1-3-La mort est parfois au bout du nourrissage. Un signifiant énigmatique: "Il est coincé".

Il faut éliminer le concurrent dans l'amour de la mère. Des morts "provisoires" et des "vrais" morts. "En avoir ou pas". Recherche phallique. Les signifiants "trompe de l'éléphant", "queue du crocodile". Une mise en scène de l'angoisse de castration?

Des thèmes de dévoration se répètent. La demande d'amour à la mère ne supporte pas de concurrence. Ce dernier doit être éliminé. Le tigre est le justicier, ou bien le gardien du trésor qui interdit à quiconque de s'approprier le sein maternel.

C'est notre cinquième rencontre (23-05).

"Le singe noir il est mort. on le met à l'hôpital, non, au cimetière."

Nicolas couche les deux singes, les entoure d'une barrière. Ils seront rejoints par deux tigres tués par un "oiseau" (un ibis). Cet ibis symbolisera à partir de ce moment le sauveur, il devient l'animal privilégié de Nicolas, et lors de séances suivantes, il sera Nicolas.

Mais la mort n'est pas définitive: "Ils sont plus morts, ils seront plus au cimetière".

(S'adressant à moi): "Tu vois, c'est ici le cimetière, c'est ceux-là qui sont morts. On peut plus les soigner".

Il y aurait donc des morts "définitifs" et des morts "provisoires". Nicolas pose ainsi des limites entre le monde de la réalité et celui de la fiction, à partir du thème de la mort.

L'oiseau libère "le néléphant...non, le zéléphant (ad litt.)" dont la trompe est coïncée (par une manoeuvre de Nicolas) dans la barrière.

Lors de la séance suivante (31-05) :

"Un papa" part au travail avec son camion. Deux crocodiles dialoguent. Il annonce être l'un deux. Les crocodiles "mangent les filles".

"On est coïncés, tous les deux, la queue. Ce sont les filles, elles sont pénibles!...

...Les éléphants sont accrochés dans la barrière." (avec leur trompe).

Puis, il change de personnage:

"C'est moi l'oiseau. Je suis avec mon bec moi. Je mange la boîte de croquettes d'oiseau moi, parce que j'ai faim...Je suis un·gros oiseau, j'ai un gros bec."

Nicolas est tellement "dans" le jeu à ce moment là, que je dois scander la fin de séance, marquer la rupture, afin que la fiction cède le pas à la réalité avant le retour en classe, qu'il prenne une certaine distance par rapport au personnage de l'oiseau, par rapport à son imaginaire.

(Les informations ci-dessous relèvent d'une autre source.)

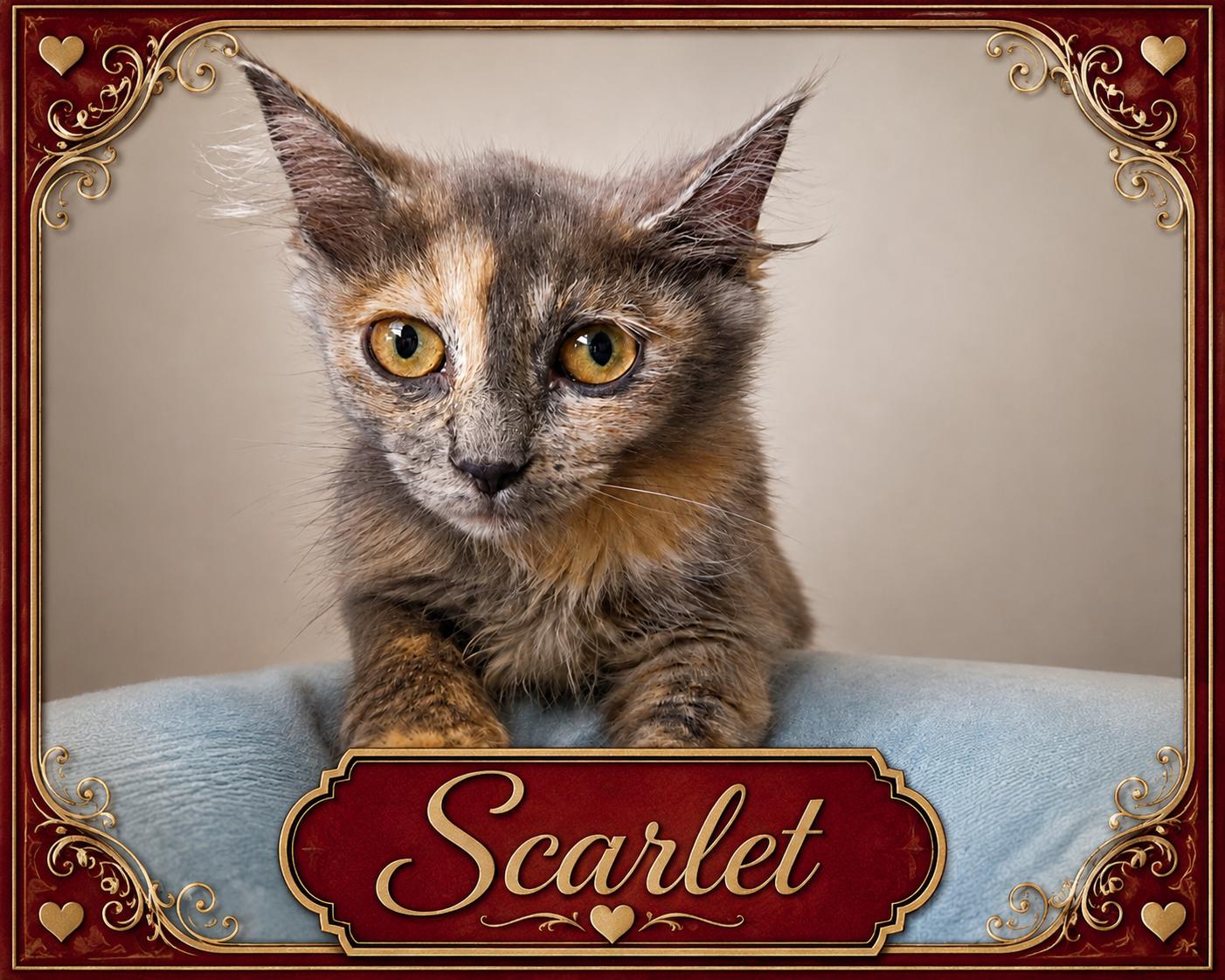 Scarlet photo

On peut penser que Nicolas cherche à régler son problème avec "les filles" de la section des grands. Peut-être, avec les filles en général, et cette intruse en particulier qu'est cette petite soeur, puisque "il n'y aura plus de filles"? Ce règlement de comptes se fait sur le mode de l'oralité, de la dévoration.

Mais les garçons peuvent "se faire coïncer", on peut leur accrocher la queue (image et angoisse de castration? angoisse liée à la peur des représailles en réponse aux désirs de mort envers les filles?). On peut remarquer que le père, éventuel agent castrateur, part avec son camion au début de l'histoire, (comme le père de la réalité de Nicolas), il est éloigné du lieu de vengeance. De toutes façons c'est "à cause des filles". L'éléphant, avec sa trompe, le crocodile, et "l'oiseau avec son gros bec", semblent être utilisés par Nicolas comme des images phalliques et d'affirmation virile, mais également comme des représentations de l'angoisse de castration.

C'est l'existence d'un sexe castré, "sans pénis" qui concrétise la menace de castration pour le petit garçon. Nicolas a pu constater ou vérifier de ses propres yeux avec sa petite soeur, qu'il existe des êtres humains sans pénis et il peut dès lors se sentir menacé de perdre le sien. D'autre part, et encore une fois, "c'est à cause des filles" que Nicolas voit moins son père et partage sa mère avec une intruse, sa soeur. Aussi, "il a de bonnes raisons" d'en vouloir aux filles. Nicolas est-il "coincé" entre sa mère et sa sœur?